Once the Soviet Union was gone, the financial elite seem to believe Francis Fukuyama's pronouncement that it was the end of history and they had won. Without an alternative for people to look to, the Third Way became three-quarters of the way to fascism and back to the era of Charles Dickens--smoothing the edges off capitalism was too expensive when the rich could just keep the tax money that costs in their pocket, and then privatize any surviving government services, so the tax dollars that are collected end up back in their hands.
If that is how they treat us now, regardless of whether you think Putin is a nice guy, do you think the financial elite are going to treat us any better once they don't even have Russia as a major REGIONAL obstacle?
If they replace every government that doesn't do business on terms the IMF, World Bank, Wall St, oil companies and the like dictate, is that going to make life any better for the rest of us?
When the sun never set on the British Empire, far from helping the folks back in England, those were the darkest days of the Industrial Revolution, when men, women, and children worked 16 hours a day, seven days a week.
Have our lives gotten any better since we've gone from one of two superpowers to the SOLE superpower in the world?
If not why should we expect to get any better if the continue to isolate Russia and take away their oil and gas business until they become a super-sized Somalia?
seveneyes
(4,631 posts)I do not want them backed into a corner.
muriel_volestrangler
(101,306 posts)Huge numbers of billionaires who control their industries, spending the money like confetti around the world, while the average Russian is still pretty poor. Russia isn't an obstacle to capitalism - it's a major participant.

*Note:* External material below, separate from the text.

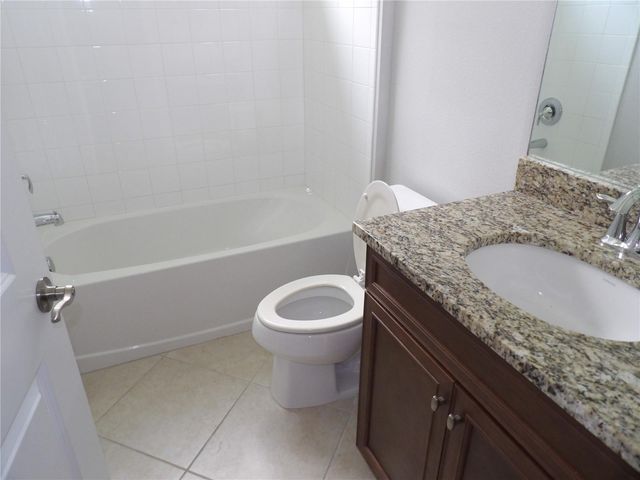 11940 SUNBURST MARBLE ROAD, Riverview, FL 33579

wealth inequality in Russia is the highest in the world.
Worldwide there is one billionaire for every USD 194 billion in
household wealth; Russia has one billionaire for every USD 15
billion. Worldwide, billionaires collectively account for less than
2% of total household wealth; in Russia today, around 100
billionaires own 30% of all personal assets.
http://economics.uwo.ca/news/Davies_CreditSuisse_Oct12.pdf
From that report: the USA has a median wealth of $38,786, and a mean wealth of $262,351 - 6.8 times the median. That indicates a lot of inequality. Japan's ratio is much lower - 1.9 times. The UK's is 2.2, India 4.5, China 2.7. Russia has median wealth of $1,267 and mean of $12,161 - a ratio of 9.6.
yurbud
(39,405 posts)His economy and polity is largely set up in a way our elites wish we had here.
What they don't like is who is collecting the profits and calling the shots.